Gracias a su constancia, Almería no solo produce tomates: produce orgullo, identidad y proyección internacional. Cada Lobello distribuido es un homenaje al trabajo bien hecho y a la dedicación de quien combina visión empresarial y responsabilidad con la tierra y la sociedad. Su nombre resuena como sinónimo de esfuerzo, innovación y compromiso con su tierra. Nada de lo vivido en la Plaza Vieja habría sido posible sin esta apuesta firme y continuada. La implicación institucional, la participación ciudadana, los mensajes de apoyo de almerienses universales y la música que cerró la jornada completaron una imagen poderosa: una ciudad viva, orgullosa y consciente de su valor.

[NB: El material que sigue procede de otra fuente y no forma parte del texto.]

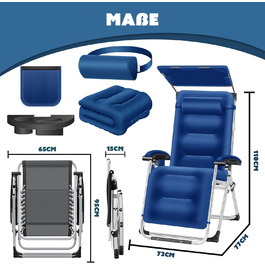 колір: синє морське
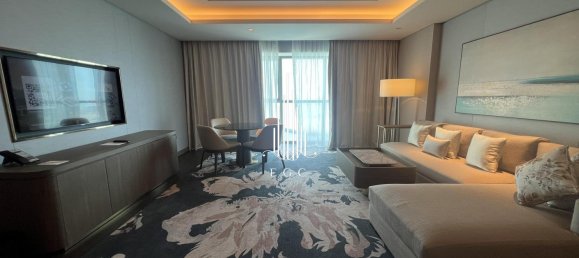 1 chambre Appartement à Al Bateen, UAE No. 39935 9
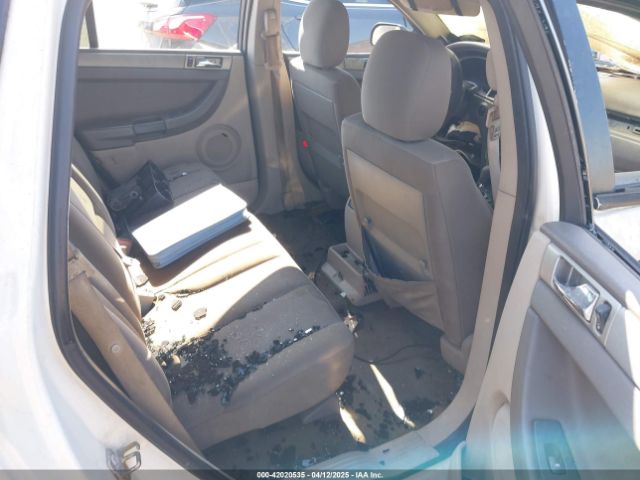 2005 CHRYSLER PACIFICA 2C4GM48L25R367407 Photo 7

Cada detalle demostró que la unión entre empresa, instituciones y ciudadanía puede crear momentos que quedan en la memoria colectiva y trascienden el tiempo. Almería se miró al espejo y se reconoció en el rojo intenso de un tomate. En doce. En miles. Y cuando una ciudad celebra su futuro desde lo auténtico, desde el esfuerzo y la visión de quienes la construyen, deja de ser noticia local para convertirse, con justicia y merecimiento, en ejemplo nacional de identidad, trabajo y orgullo compartido.